Ekip, molekülün her bir mutant ve sağlıklı POLG ile nasıl etkileşime girdiğini ayrıntılı olarak ortaya çıkarmak için kriyojenik elektron mikroskobu adı verilen bir teknik kullandı. Protein, bir A ve iki B bileşeninden oluşuyor. Analiz, molekülün A ve B arasındaki bir cebe bağlandığını gösterdi.
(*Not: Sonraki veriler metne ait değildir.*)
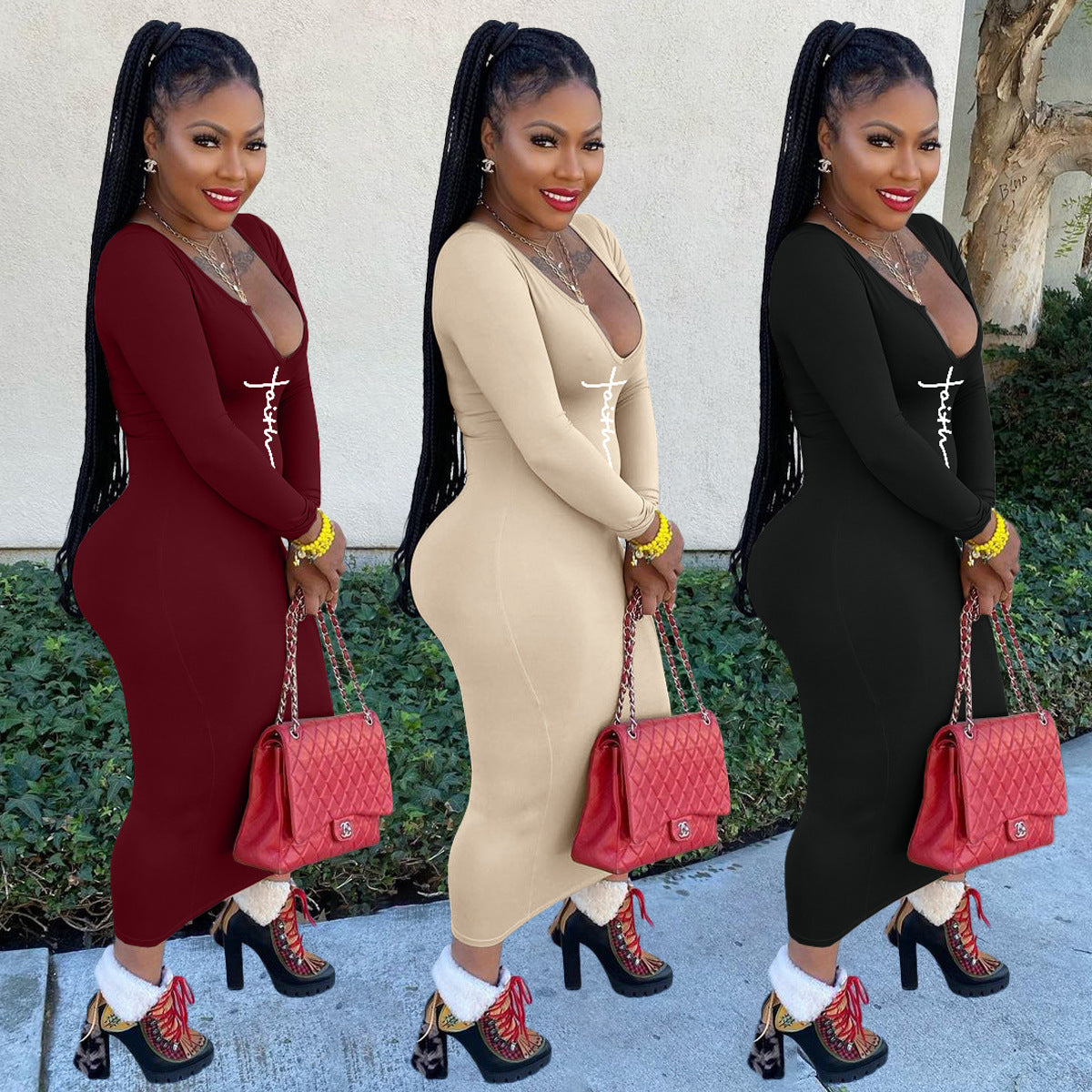 Sexy Sexy Print Solid Long Sleeve Maxi Dress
Yazarlar, bu cebin en yaygın hastalığa neden olan mutasyonlardan etkilenmediğini kaydetti.
Buraya bağlanarak, molekül proteinin genel stabilitesini artırıyor; bu da, mutasyon olsun ya da olmasın, DNA'yı kopyalama ve onarma yeteneğini güçlendiriyor. Mevcut tüm mutasyonları test etmediler, ancak test ettikleri mutasyonlar, bu bileşiği kullanarak bir anlamda 'kurtarılmış' gibi görünüyor.
Araştırmacılar, bu ilk bulguları, inceledikleri dört yaygın mutasyona sahip hastalardan alınan hücrelerle laboratuvar ortamında deneyler yaparak destekledi. Önce, hücrelerdeki mitokondriyal DNA'yı azaltarak, hücrelerin kaybolan DNA'yı ne kadar hızlı geri kazanabildiğini görmek istediler. Bileşikle tedavi edilen hücreler, tedavi edilmeyen hücrelere göre DNA'larını çok daha hızlı geri kazandı ve hatta bazı deneylerde sağlıklı proteinin seviyesine yaklaştı.
Araştırmacılar, bu kadar çok farklı mutasyona karşı etkili olacak tek bir molekül bulmayı beklemediklerini, ancak bunu başardıklarını belirttiler. Başka uzmanlar da bu kadar küçük bir molekülün mutant POLG formlarını stabilize etmesinin şaşırtıcı olduğunu ifade etti.
Ekip, bileşiği ek POLG mutantları üzerinde test etmeye başladı. Şimdiye kadar, bu diğer mutasyonların birçoğunda da etkiler gördüklerini belirtiyorlar. Bu son çalışma henüz yayınlanmadı. Bu arada, klinik denemeler, keşfedilen moleküle yapısal olarak çok benzeyen bir molekülü test etmeye başladı.
Yeni keşfedilen bileşiğin kabul edilemez yan etkilere neden olup olmadığını ve insanlarda beklenen etkilere sahip olup olmadığını görmek için klinik denemelere ihtiyaç duyulacak. Güvenli ve etkili olduğu kanıtlanırsa, hastanın yaşam boyu sürekli tedavi görmesi gerekebileceği düşünülüyor.
Böyle bir tedavi, mevcut tedavilerin hastalıkları iyileştirmeye değil, sadece semptomları yönetmeye yönelik olması nedeniyle, bu hastalığa sahip kişiler için karşılanmamış bir ihtiyacı gidermiş olacak.
Ayrıca, mitokondriyal DNA'nın azalmasının nörodejeneratif durumlar dahil olmak üzere yaşlanma hastalıklarıyla ilişkili olduğu belirtiliyor. Bu nedenle, POLG hastalıklarının ötesinde bilim insanları bileşik için ek uygulamalar da keşfedebilirler.